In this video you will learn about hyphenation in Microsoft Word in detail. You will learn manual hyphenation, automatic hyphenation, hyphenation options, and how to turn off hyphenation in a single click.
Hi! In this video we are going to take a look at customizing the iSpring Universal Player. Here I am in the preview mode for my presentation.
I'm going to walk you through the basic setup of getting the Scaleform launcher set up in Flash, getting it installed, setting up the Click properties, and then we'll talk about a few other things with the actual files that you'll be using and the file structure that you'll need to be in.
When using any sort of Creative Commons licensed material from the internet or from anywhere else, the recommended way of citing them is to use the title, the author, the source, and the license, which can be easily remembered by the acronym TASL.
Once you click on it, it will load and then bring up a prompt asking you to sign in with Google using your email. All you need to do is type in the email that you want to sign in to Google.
---
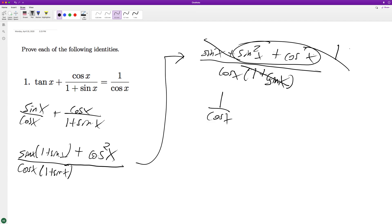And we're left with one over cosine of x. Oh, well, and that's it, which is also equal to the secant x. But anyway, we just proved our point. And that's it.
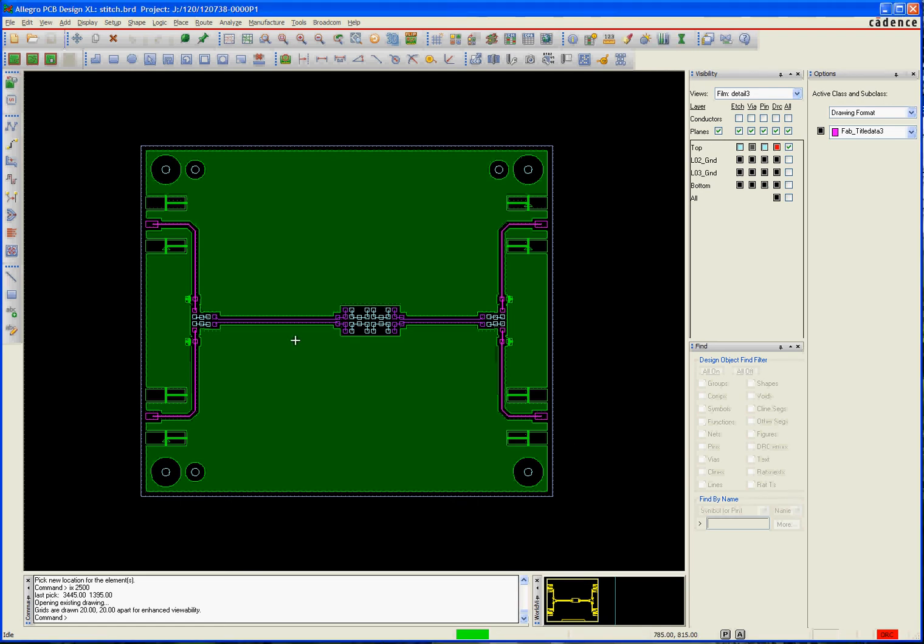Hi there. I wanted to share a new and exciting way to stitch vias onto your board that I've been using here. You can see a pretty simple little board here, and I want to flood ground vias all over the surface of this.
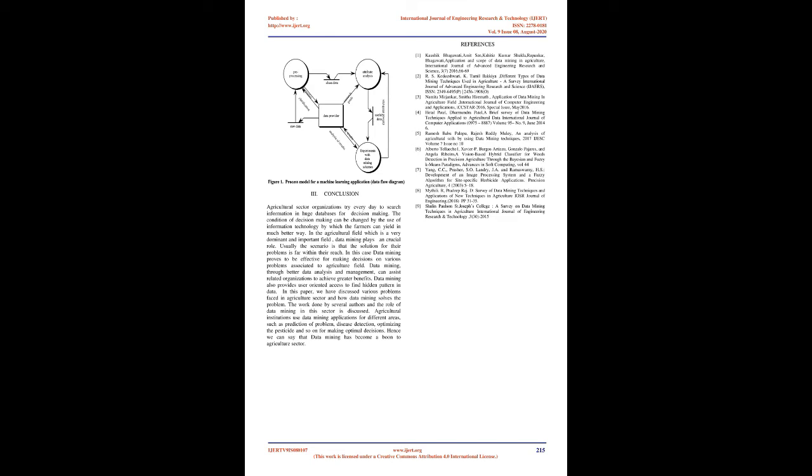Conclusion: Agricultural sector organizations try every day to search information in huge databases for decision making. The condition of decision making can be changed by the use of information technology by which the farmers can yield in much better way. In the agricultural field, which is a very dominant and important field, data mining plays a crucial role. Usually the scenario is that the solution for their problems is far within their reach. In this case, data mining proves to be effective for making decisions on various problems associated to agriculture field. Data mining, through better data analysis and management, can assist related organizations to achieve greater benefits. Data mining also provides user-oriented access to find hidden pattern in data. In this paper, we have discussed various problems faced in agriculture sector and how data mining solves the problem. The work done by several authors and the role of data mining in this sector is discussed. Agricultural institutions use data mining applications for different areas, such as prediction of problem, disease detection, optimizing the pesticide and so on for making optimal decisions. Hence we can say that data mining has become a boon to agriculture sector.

TASK STATEMENT ::
Would you please write out, exactly and with no other lines, the stretch of the listing above from the line containing "In this video you" through the line containing "Once you click"?

RESPONSE BELOW ::
In this video you will learn about hyphenation in Microsoft Word in detail. You will learn manual hyphenation, automatic hyphenation, hyphenation options, and how to turn off hyphenation in a single click.
Hi! In this video we are going to take a look at customizing the iSpring Universal Player. Here I am in the preview mode for my presentation.
I'm going to walk you through the basic setup of getting the Scaleform launcher set up in Flash, getting it installed, setting up the Click properties, and then we'll talk about a few other things with the actual files that you'll be using and the file structure that you'll need to be in.
When using any sort of Creative Commons licensed material from the internet or from anywhere else, the recommended way of citing them is to use the title, the author, the source, and the license, which can be easily remembered by the acronym TASL.
Once you click on it, it will load and then bring up a prompt asking you to sign in with Google using your email. All you need to do is type in the email that you want to sign in to Google.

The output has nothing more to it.